Atlanta wouldn’t give the KC Royals what’s needed to pry away Benintendi.
Few players are untouchable in this business, and despite the unlikelihood of the Royals being willing to move Benintendi, he doesn’t rank among the truly untouchables, a point Tomahawk Take’s Owens accurately recognizes when he suggests Atlanta should ask Kansas City if it would let Benintendi go for some pitching.
But it’s probably not pitching that would tempt the KC Royals to listen to overtures about Benintendi. Yes, their rotation is inconsistent, especially without Danny Duffy, but it’s a talented rotation with even more talent on the verge of joining it. Brad Keller is showing signs of turning his early season woes around, Kris Bubic may have ironed out whatever issues forced him back to the minors, and Brady Singer, the head of the marvelous collection of pitchers KC swept up in the 2018 draft that included Bubic, will come around.

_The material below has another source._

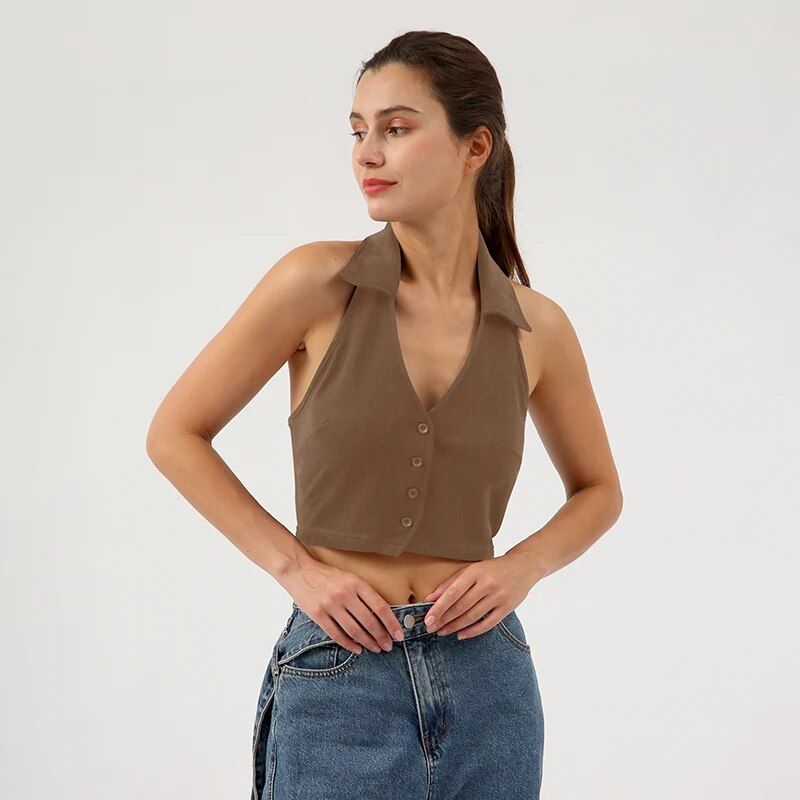 Chic Cotton-Polyester Cropped Halter Top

Then, of course, there’s the rest of that 2018 class. Daniel Lynch was up with KC earlier this season and will be fine when he works out some kinks at Triple-A Omaha, where Jackson Kowar is 5-0 with an 0.85 ERA. (Kowar pitched another five scoreless innings Wednesday night, but left with the game knotted in a scoreless tie).
Those hurlers aren’t the only prime starters KC took in the 2018 draft, so there’s more where they came from. And the bullpen has had rough moments this season, but it’s still pretty good.
So, pitching probably won’t do it. Who might get the Royals’ ear, though, is Ronald Acuna Jr., a power hitter who brought 81 homers in four seasons to Atlanta’s table this year, including 14 in 46 games last season and 17 already in 2021. Acuna could more than offset Jorge Soler’s season-long slump and KC could use some production.
But a deal for Acuna isn’t going to happen. The Braves certainly aren’t letting him go, at least not unless Kansas City is prepared to give up Benintendi and a lot more than they could or should. Even if Atlanta could bring itself to even think about trading Acuna, the package of current Royals and prospects the Braves would demand in return is too prohibitive for Kansas City to consider. KC isn’t going to break apart what should be a serious contender in 2022.
And after Acuna, there isn’t much on Atlanta’s roster at this point that might seriously tempt the Royals to move Benintendi, or that the Braves would consider sacrificing to get him.
Owens and Tomahawk Take have some excellent ideas about how to replace Marcell Ozuna and, from Atlanta’s perspective, Benintendi is one of them. But it’s the kind of deal the KC Royals just aren’t going to make.
The Braves need a left fielder. They won’t be getting Andrew Benintendi.